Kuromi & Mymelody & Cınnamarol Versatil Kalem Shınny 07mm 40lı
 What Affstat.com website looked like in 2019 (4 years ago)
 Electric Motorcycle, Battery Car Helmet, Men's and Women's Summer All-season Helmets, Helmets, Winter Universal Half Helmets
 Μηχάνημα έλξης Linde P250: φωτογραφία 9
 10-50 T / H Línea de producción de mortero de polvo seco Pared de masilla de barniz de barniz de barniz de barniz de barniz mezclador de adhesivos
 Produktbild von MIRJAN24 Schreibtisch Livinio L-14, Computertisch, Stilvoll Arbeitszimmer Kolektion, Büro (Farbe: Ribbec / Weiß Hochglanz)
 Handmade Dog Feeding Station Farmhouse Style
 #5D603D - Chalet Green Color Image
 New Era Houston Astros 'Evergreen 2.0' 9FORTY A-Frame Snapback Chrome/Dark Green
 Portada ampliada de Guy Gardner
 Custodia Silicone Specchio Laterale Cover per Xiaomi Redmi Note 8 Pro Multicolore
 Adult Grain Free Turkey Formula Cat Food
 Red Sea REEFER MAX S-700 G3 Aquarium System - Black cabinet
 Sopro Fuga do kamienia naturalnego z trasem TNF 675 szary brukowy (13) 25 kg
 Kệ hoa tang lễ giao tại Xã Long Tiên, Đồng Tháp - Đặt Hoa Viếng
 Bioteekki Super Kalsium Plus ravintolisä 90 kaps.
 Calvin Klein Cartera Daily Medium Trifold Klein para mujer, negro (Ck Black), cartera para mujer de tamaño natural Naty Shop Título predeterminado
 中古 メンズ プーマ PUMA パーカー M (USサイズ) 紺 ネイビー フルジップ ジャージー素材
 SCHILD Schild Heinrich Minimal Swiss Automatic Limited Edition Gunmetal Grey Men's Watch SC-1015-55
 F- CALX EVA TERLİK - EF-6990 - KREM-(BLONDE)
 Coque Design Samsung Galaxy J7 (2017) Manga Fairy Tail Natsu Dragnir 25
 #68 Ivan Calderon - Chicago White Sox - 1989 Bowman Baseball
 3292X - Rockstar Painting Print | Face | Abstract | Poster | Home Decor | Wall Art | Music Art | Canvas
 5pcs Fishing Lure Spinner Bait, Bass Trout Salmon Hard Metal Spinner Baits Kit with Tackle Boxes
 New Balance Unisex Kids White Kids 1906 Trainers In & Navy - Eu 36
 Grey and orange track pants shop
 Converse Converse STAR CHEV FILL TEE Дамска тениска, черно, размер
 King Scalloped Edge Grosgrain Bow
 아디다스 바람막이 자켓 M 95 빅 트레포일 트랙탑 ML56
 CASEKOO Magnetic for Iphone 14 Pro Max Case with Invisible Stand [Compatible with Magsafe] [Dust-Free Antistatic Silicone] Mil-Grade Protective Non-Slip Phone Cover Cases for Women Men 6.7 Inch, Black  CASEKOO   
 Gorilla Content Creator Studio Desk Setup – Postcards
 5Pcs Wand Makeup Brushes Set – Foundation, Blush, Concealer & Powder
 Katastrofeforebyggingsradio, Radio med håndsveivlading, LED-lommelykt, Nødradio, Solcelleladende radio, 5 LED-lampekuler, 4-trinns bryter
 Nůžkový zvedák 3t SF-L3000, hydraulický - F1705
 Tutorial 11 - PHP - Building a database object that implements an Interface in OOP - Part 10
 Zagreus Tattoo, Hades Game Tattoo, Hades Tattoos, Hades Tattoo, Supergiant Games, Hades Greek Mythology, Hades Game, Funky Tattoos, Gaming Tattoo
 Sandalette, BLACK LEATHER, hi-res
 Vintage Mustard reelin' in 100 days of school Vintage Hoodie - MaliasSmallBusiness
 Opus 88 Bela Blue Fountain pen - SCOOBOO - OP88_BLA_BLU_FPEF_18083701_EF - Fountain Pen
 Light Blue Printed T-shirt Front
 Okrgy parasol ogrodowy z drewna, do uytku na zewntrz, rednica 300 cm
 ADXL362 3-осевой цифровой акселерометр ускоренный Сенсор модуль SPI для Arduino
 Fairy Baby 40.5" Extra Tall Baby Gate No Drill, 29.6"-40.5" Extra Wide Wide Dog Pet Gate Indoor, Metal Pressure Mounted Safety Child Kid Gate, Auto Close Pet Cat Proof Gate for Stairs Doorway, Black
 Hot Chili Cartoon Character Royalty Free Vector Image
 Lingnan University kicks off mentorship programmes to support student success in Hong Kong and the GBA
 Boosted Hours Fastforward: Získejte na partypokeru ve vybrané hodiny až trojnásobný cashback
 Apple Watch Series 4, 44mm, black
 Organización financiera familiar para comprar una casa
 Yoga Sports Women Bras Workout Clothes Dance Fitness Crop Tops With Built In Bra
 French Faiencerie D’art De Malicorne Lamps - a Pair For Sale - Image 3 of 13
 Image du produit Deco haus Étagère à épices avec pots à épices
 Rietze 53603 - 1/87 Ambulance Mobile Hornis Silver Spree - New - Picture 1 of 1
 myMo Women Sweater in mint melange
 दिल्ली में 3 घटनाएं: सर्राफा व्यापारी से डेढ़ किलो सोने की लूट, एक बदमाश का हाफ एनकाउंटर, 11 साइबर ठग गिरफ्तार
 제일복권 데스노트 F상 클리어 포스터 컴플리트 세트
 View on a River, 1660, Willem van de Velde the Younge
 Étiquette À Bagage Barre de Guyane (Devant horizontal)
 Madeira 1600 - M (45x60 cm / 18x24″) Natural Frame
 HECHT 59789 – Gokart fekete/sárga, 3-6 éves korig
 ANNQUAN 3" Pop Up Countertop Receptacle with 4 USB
════════
ASSIGNMENT -
Every line in the records above that has "Blue" counts once. Give the total and nothing else.

ANSWER SECTION -
2